### WHAT THE EXERCISE ASKS
Output only the lines from the line holding "Suzuki V-Strom 650 – Vista 12" through the close of the records, exactly as they appear, with all pictures omitted.

### MATERIAL TO PROCESS

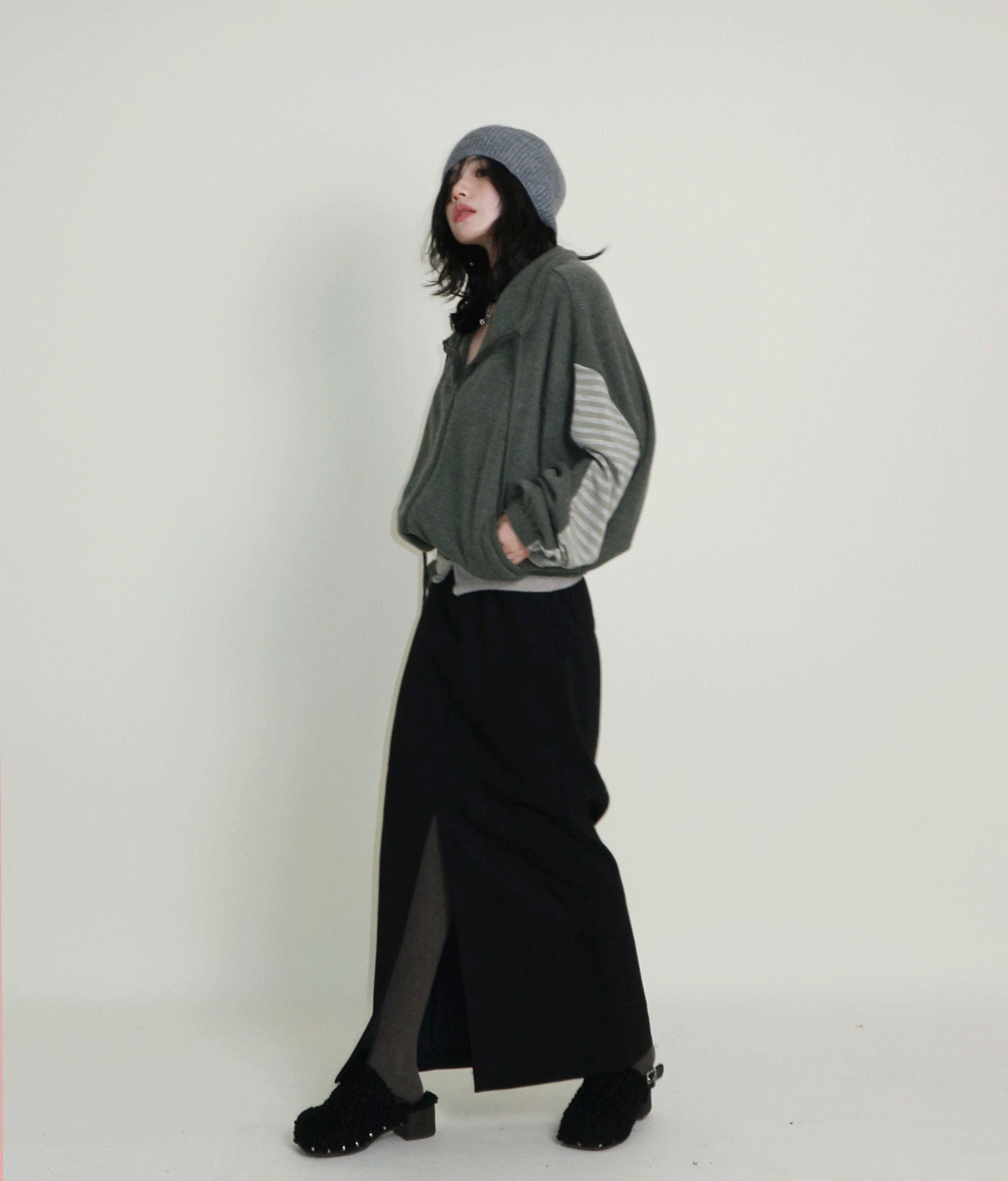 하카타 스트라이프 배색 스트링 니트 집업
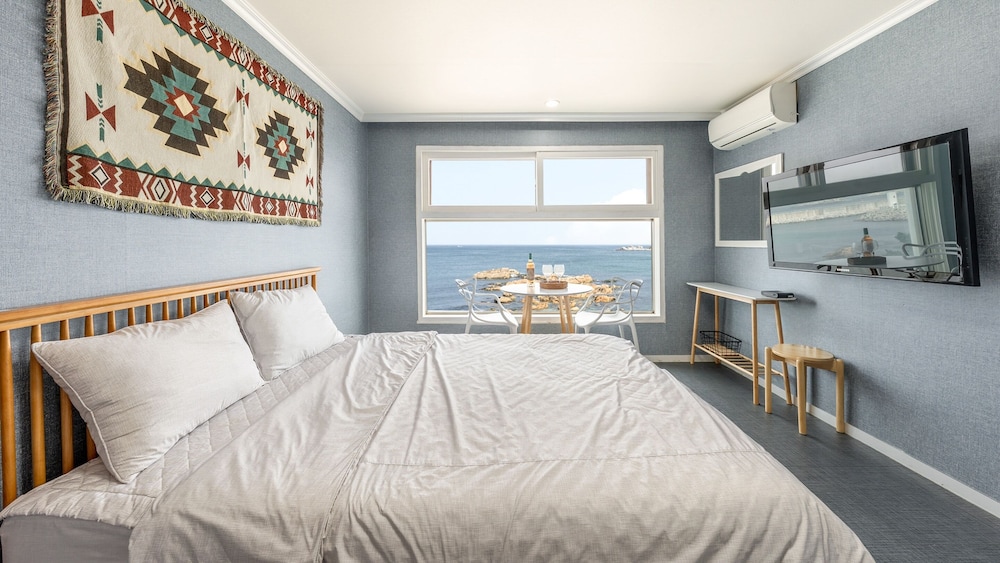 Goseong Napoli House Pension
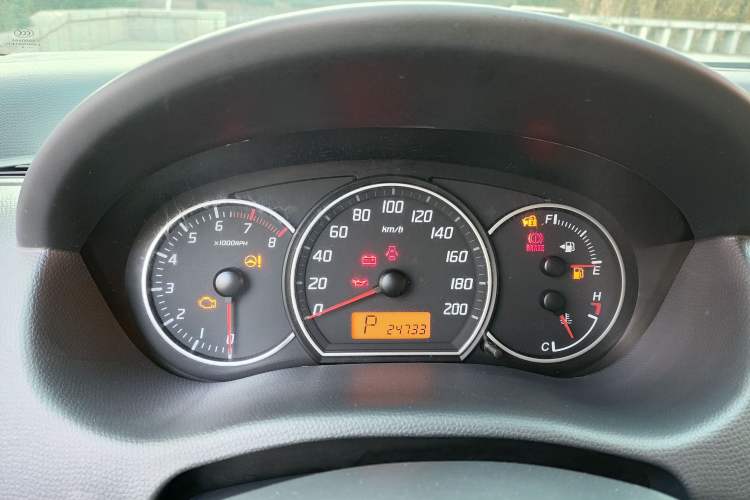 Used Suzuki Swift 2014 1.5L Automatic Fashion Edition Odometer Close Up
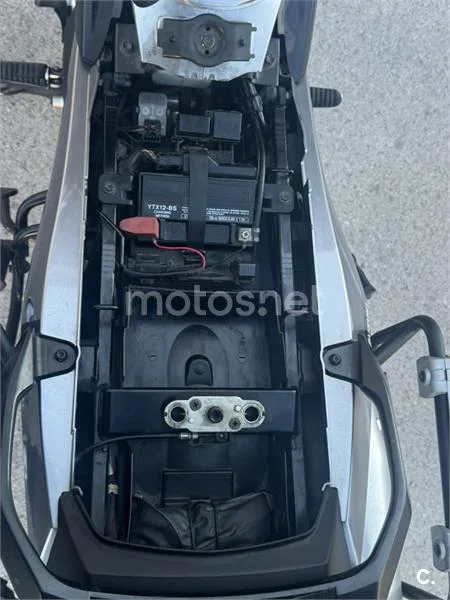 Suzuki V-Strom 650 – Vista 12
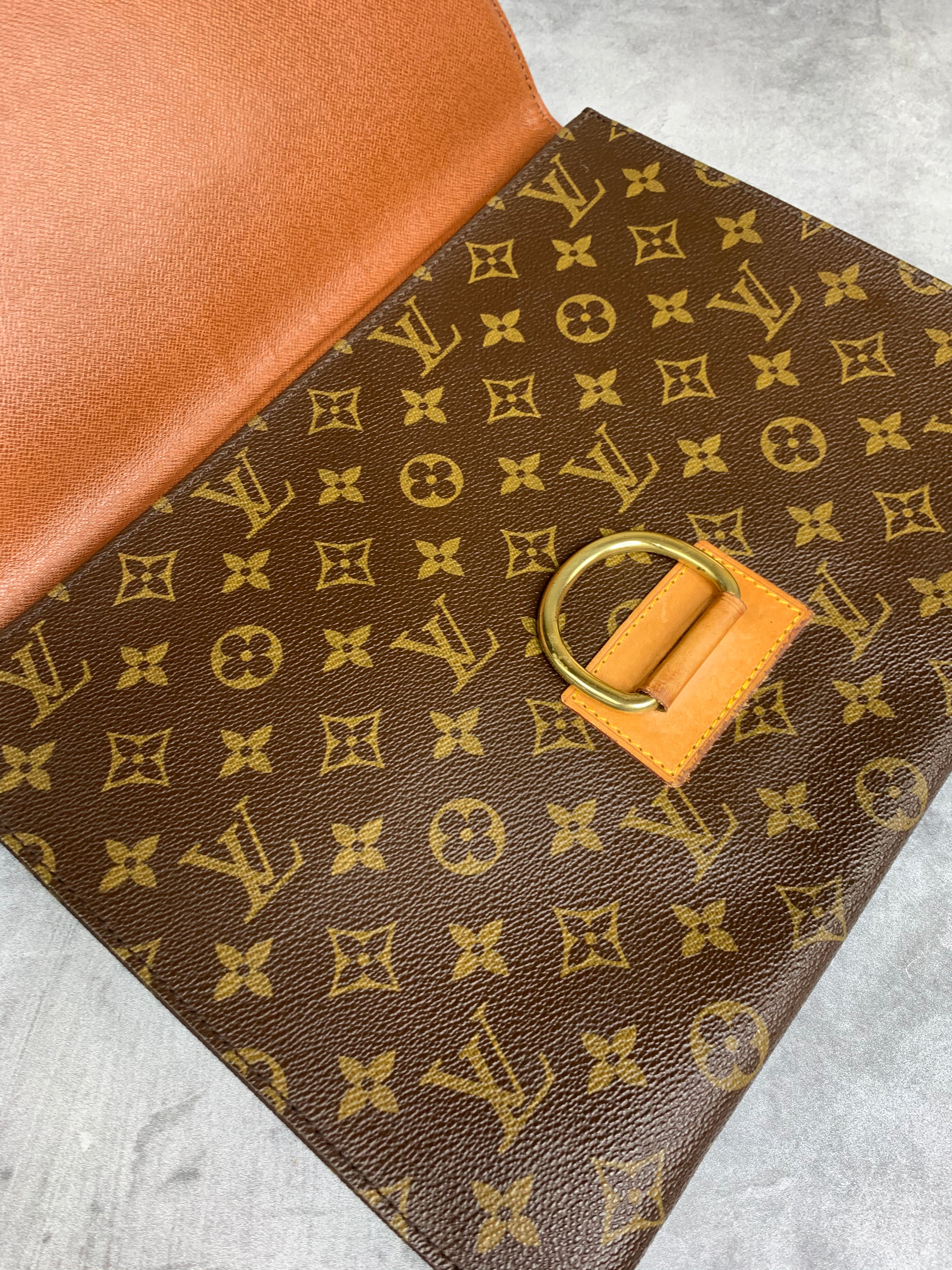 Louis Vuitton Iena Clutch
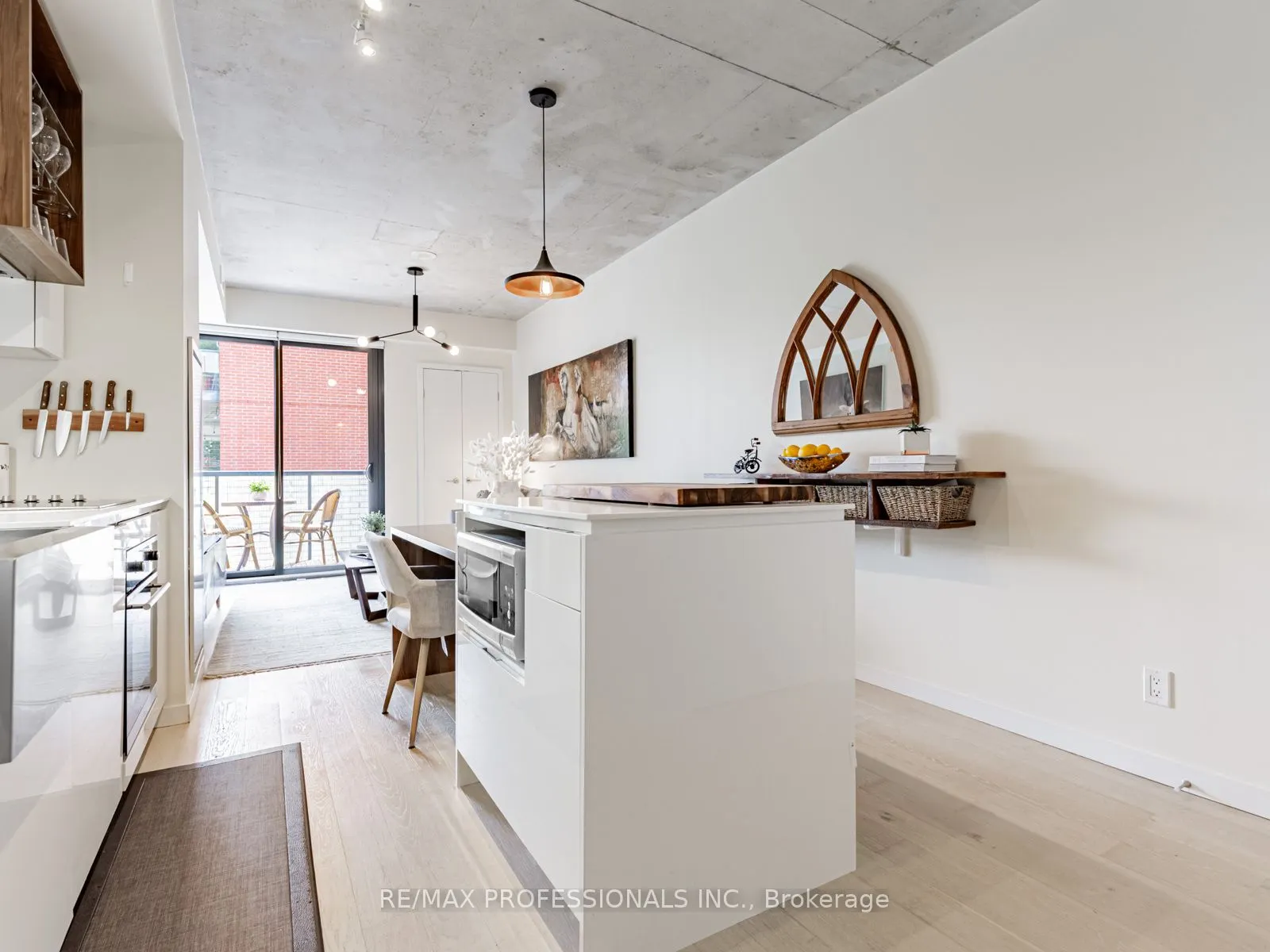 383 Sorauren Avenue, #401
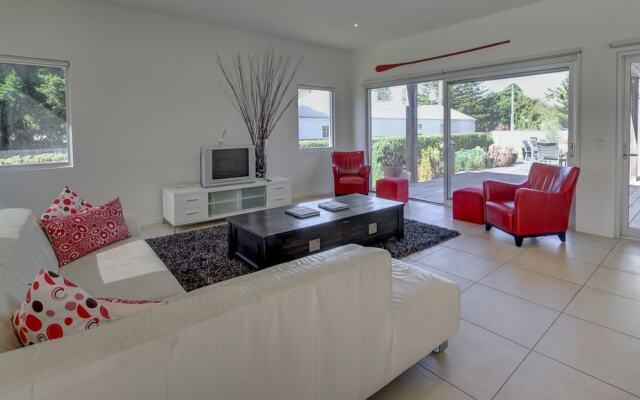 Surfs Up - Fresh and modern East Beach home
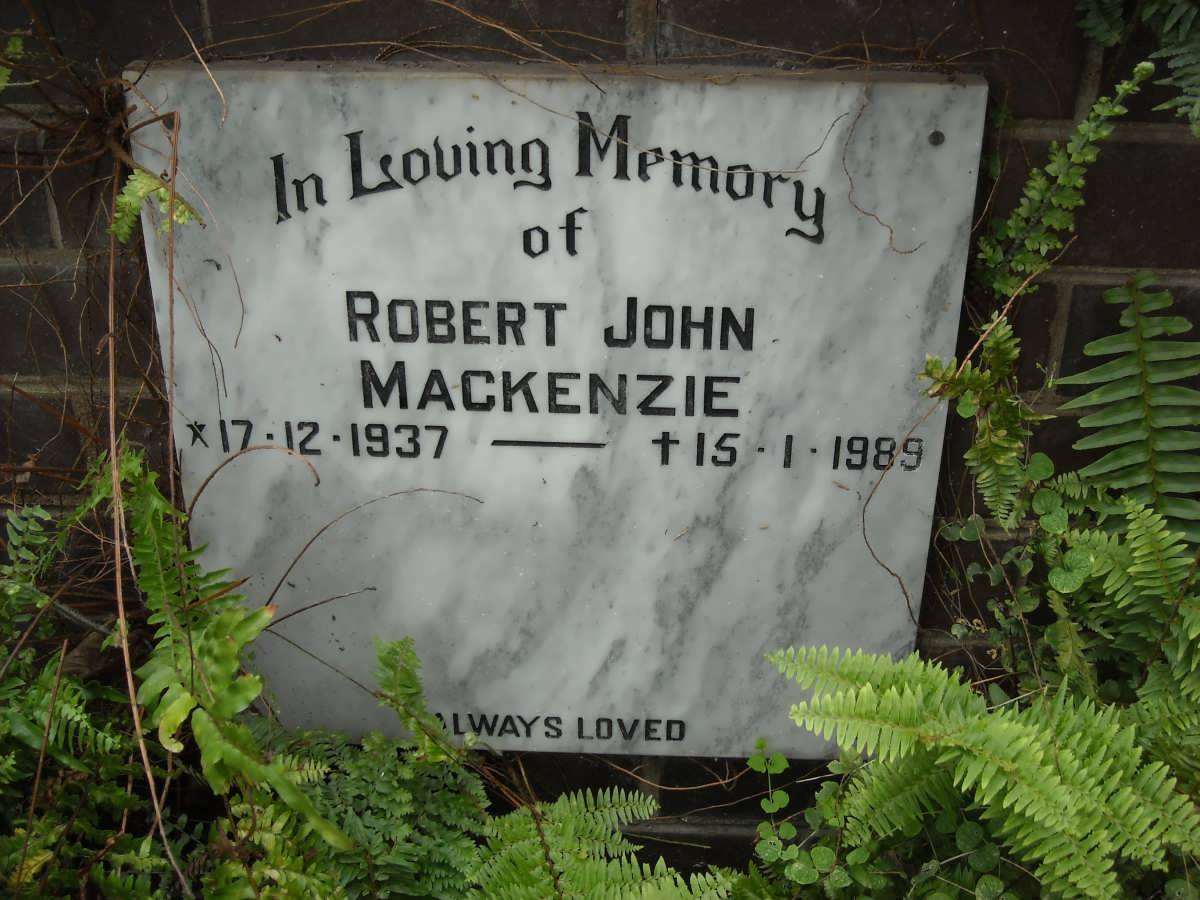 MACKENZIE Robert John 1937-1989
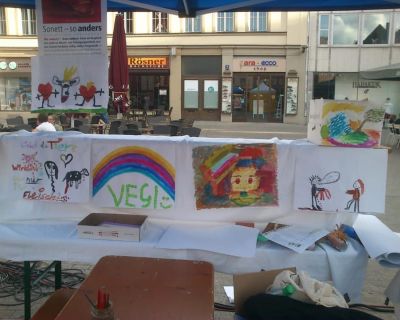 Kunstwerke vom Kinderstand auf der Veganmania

### WRITTEN SOLUTION
 Suzuki V-Strom 650 – Vista 12
 Louis Vuitton Iena Clutch
 383 Sorauren Avenue, #401
 Surfs Up - Fresh and modern East Beach home
 MACKENZIE Robert John 1937-1989
 Kunstwerke vom Kinderstand auf der Veganmania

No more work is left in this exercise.